EXERCISE INSTRUCTIONS: Given the records below, would you repeat exactly the lines that begin at the one containing "Крісло для геймерів" and end at the one containing "Mark Hamill’s Reaction", inclusive?

MATERIAL FOR THIS TASK:
══════
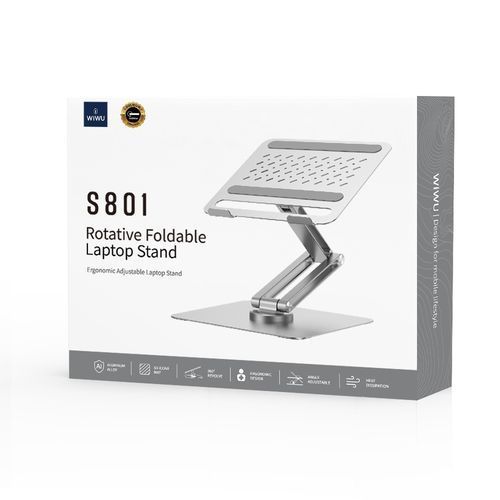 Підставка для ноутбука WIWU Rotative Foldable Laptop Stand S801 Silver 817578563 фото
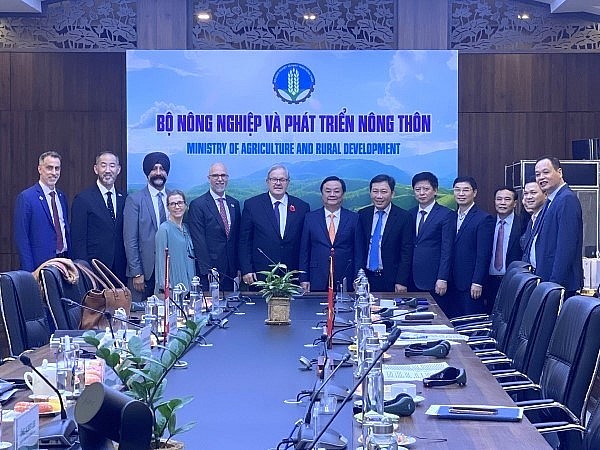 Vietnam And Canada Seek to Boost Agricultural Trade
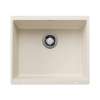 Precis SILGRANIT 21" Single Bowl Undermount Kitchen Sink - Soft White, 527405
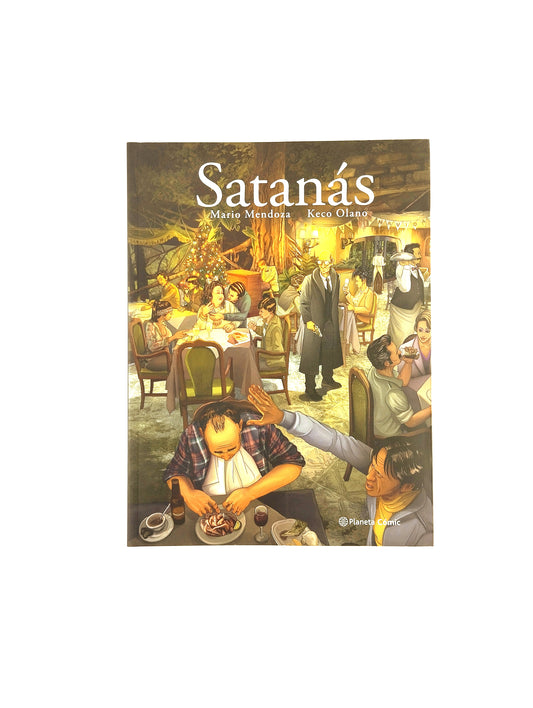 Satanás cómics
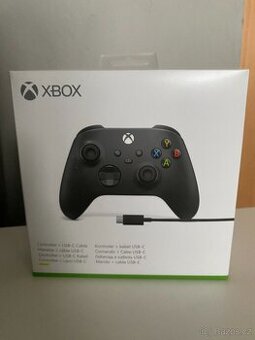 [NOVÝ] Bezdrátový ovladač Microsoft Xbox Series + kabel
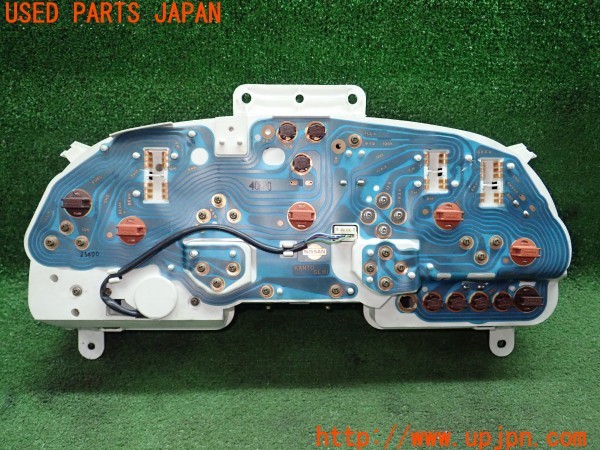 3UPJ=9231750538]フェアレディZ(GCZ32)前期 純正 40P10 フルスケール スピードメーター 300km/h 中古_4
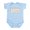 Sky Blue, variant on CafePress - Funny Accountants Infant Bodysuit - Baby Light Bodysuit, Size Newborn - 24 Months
══════
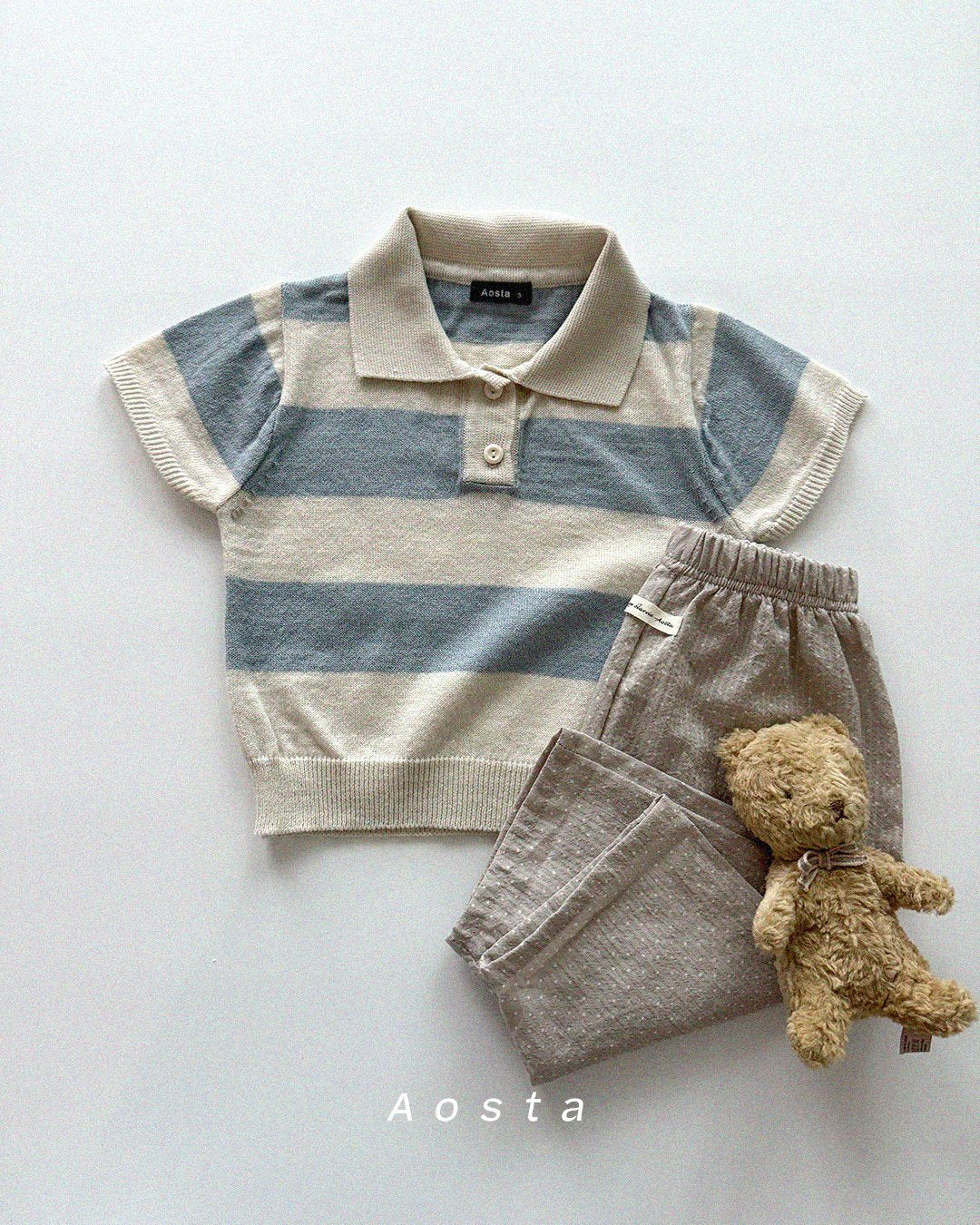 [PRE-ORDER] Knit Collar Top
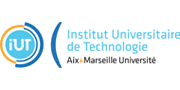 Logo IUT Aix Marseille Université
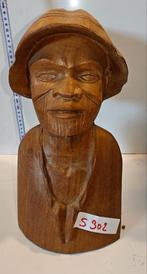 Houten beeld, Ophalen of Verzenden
══════
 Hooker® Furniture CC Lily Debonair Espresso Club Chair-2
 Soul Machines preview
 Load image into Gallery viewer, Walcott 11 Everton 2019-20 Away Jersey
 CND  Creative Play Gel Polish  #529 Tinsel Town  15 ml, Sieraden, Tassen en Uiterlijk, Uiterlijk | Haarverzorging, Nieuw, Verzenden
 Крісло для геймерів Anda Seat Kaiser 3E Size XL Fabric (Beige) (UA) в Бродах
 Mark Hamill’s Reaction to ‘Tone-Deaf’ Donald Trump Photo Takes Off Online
══════
OUTPUT:
 Крісло для геймерів Anda Seat Kaiser 3E Size XL Fabric (Beige) (UA) в Бродах
 Mark Hamill’s Reaction to ‘Tone-Deaf’ Donald Trump Photo Takes Off Online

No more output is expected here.